El escritor y poeta chileno Roberto Bolaño escribió “Demasiado bonito para que durara, ya saben, los espíritus singulares no soportan tanto amor, tanta perfección encontrada por casualidad“ una escena en donde el valor se vuelca al “espíritu singular”, el cual es un interesante destino en una sociedad de consumo que se esfuerza por reproducirnos en serie, pero que pone el amor fuera de sí y como un goce insoportable, cuando en realidad es sereno.  

El amor es una fuerza capaz de construir, reparar, restablecer, de acuerdo a la experiencia de vida, o a la estatura de su espíritu, el cual no se cultiva repitiendo oraciones o pagando diezmos sino con autoconocimiento.

El espíritu es la esencia transcendente del ser, la no materia, lo que permanece cuando parece no quedar rastros, lo que se eleva con las experiencias, lo que se racionaliza y decide en función de la estética compartida de la moral, del tal bien superior, que no es un bien mezquino, sino para el universo. No es complejo, elevar el espíritu consiste en amar.

La experiencia del amor es un goce tranquilo, no tiene nada que ver con la pareja o con el otro.  Tiene que ver contigo y lo que has hecho de ti, también con lo que das libre y desinteresadamente.  Cuando puedes eso, lo puedes todo.

Quiero hablar del amor entre mujeres, esas con quienes hemos estado en una vil y despiadada competencia sin sentido.  A nosotras no nos enseñaron el amor, sino que nos construyeron un relato sobre una falsa idea de amor que exigía dosis de sacrificio, descuido de las necesidades y deseos personales, humillaciones, aguante.  Un relato que nos ha hecho creer que el “amor todo lo soporta” y sobre ello una condena larga y pesada de vida indigna.

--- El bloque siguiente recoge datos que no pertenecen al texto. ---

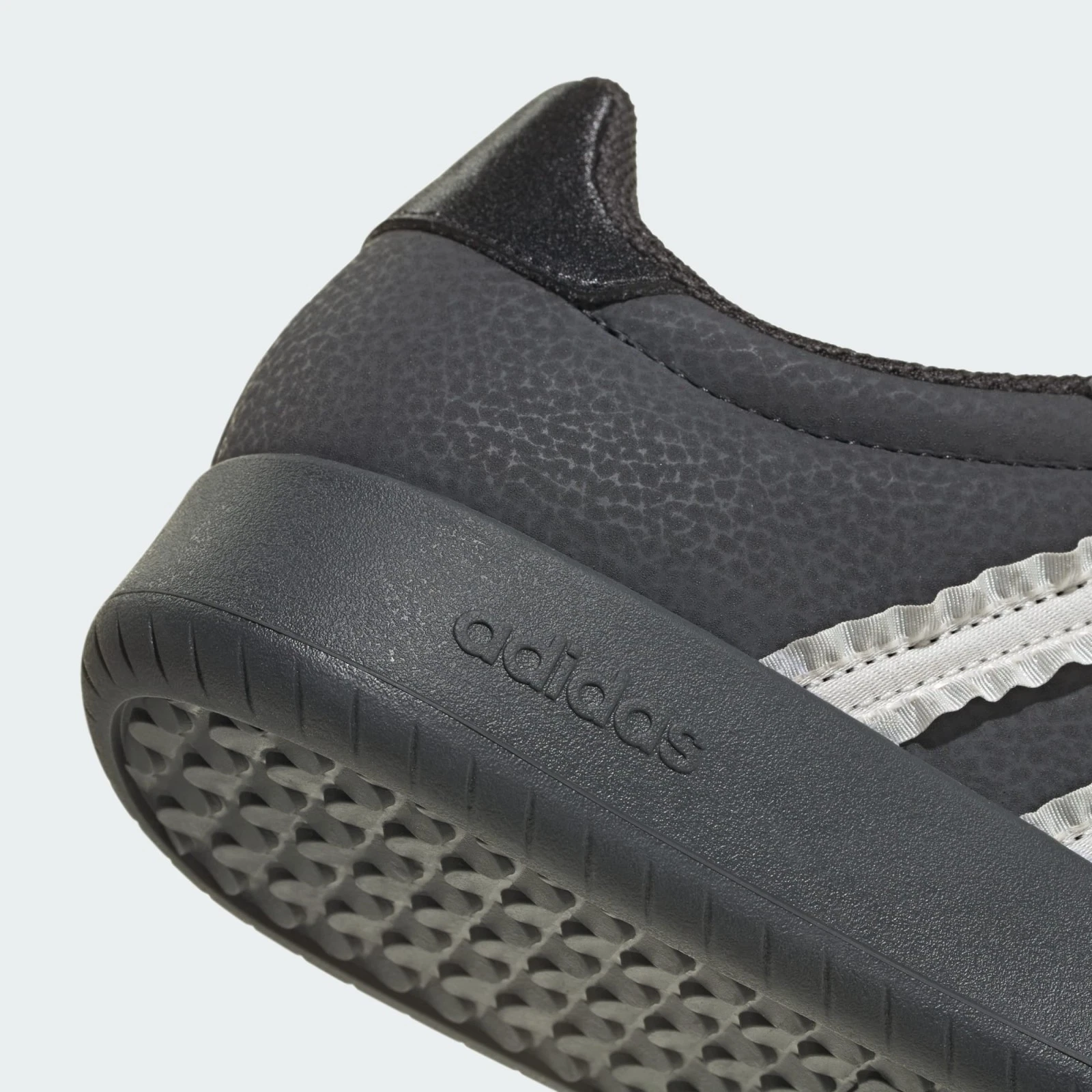 BARREDA CARBON/CWHITE/CBLACK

Atreverse a amar a otras mujeres sin reservas, ni pretensiones, es un caudal infinito de bienestar, alegría y felicidad.  Cuando hacemos red, equipo, el mundo se vuelve pequeño y finalmente conquistable, no para oprimir a nadie, sino para ser.  Una red llena de sororidad es irrompible. La solidaridad, que incluye a los hombres, también es posible, pero hay que seguir desmontando un sistema de desigualdades que impide que el “desinterés” sea genuino, el amor lo puede.

El amor libera de complejos y te expande exponencialmente sin tropezar a nadie. Cuando tocas con amor su efecto edificador no para.

Una columna dedicada e inspirada en mi amoroso club de lectura “Las mil y una lectoras”.